While visiting Canada last month I was able to visit two museums, including the Museum of Vancouver. I already mentioned the museum and the Ravishing Beasts special exhibit, but I wanted to share more about the exhibit and the catalogue.
When I discovered that one of the special exhibits was on taxidermy I wasn't expecting much, I tend to find it rather creepy. The exhibit, however, turned out to be a fascinating one.
It started with an overview of the history of taxidermy, including early museum-like displays.
Then there were step by step examples of how a model is constructed.
Then there was an area about dioramas and habitat exhibits with animals. These types of exhibits were once very common in museums but are increasingly being replaced in renewals so I really enjoyed this section, especially the video that demonstrated how one such exhibit was constructed.
Then were also a number of different animals on display - local animals, a "trophy" wall, and a few fantastical beasts.
(I convinced my friend that this particular animal was commonly found in the local area. She asked me about its habitat and diet and I was almost able to make up answers with a straight face, but then I started giggling and she realized she had been had... tee hee!)
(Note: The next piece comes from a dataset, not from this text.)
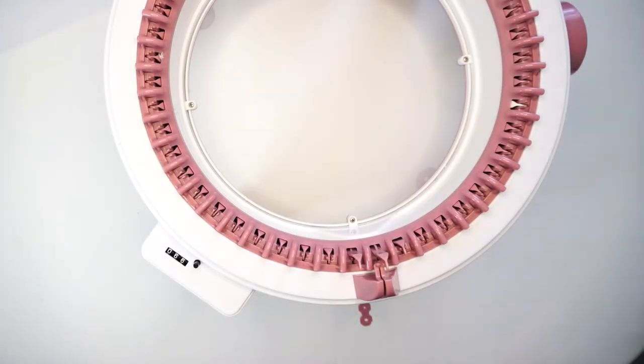If you want to click on that thanks button to help me buy yarn, that would be awesome. So let's get into it, guys. Let's start this jumper.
There were some whimsical examples of how taxidermied animals were displayed.
and some less whimsical examples of modern art.
Being the museum nerd that I am, however, I loved the last section, with a display recreating how taxidermy animals are stored in museum storage. This section asked visitors their opinions on taxidermy collections and for suggestions about what should be done with these collections in the future.
A fascinating exhibit that connected into many of the things I've learnt about museum history and also made me think about the future of museums too.